A word-for-word copy of the data is what's wanted, with no pictures.

SUPPLIED DATA:
━━━━━━━━━━━━━━━━━━━━━━━━━━━━━━

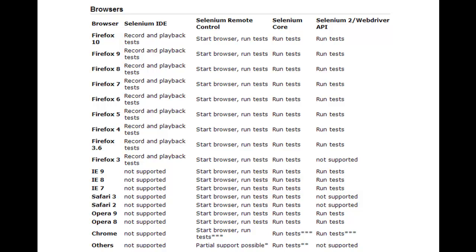Selenium IDE also runs in many versions on Firefox. Selenium IDE can record and playback tests on Firefox 10, Firefox 9, Firefox 8, Firefox 7, Firefox 6, Firefox 5, Firefox 4, Firefox 3.6, and Firefox 3.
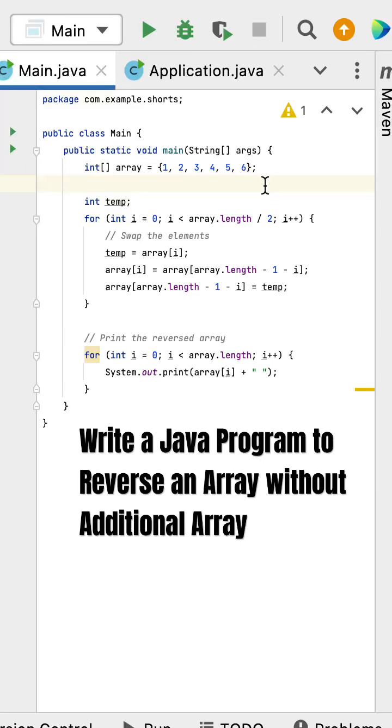One more frequently asked Java program in interviews for beginners: write a Java program to reverse an array without using an additional array. Here is a Java program. We have a main method with an input array.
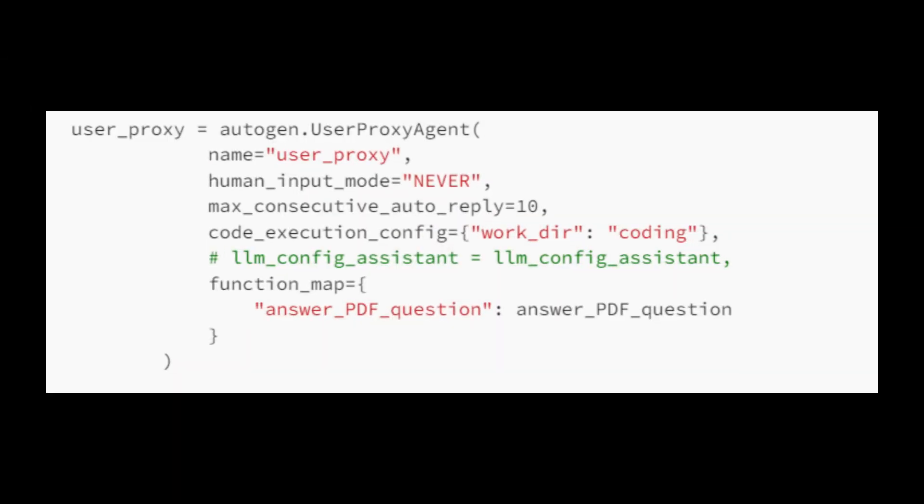User proxy agents are the types of AI agents that work on behalf of the user. The implementation is typical, but it includes a unique feature: the function map parameter. This parameter is used to link the configuration for function calls with the actual functions themselves, ensuring seamless integration and operation.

━━━━━━━━━━━━━━━━━━━━━━━━━━━━━━

SOLUTION FOR THIS PROBLEM:
Selenium IDE also runs in many versions on Firefox. Selenium IDE can record and playback tests on Firefox 10, Firefox 9, Firefox 8, Firefox 7, Firefox 6, Firefox 5, Firefox 4, Firefox 3.6, and Firefox 3.
One more frequently asked Java program in interviews for beginners: write a Java program to reverse an array without using an additional array. Here is a Java program. We have a main method with an input array.
User proxy agents are the types of AI agents that work on behalf of the user. The implementation is typical, but it includes a unique feature: the function map parameter. This parameter is used to link the configuration for function calls with the actual functions themselves, ensuring seamless integration and operation.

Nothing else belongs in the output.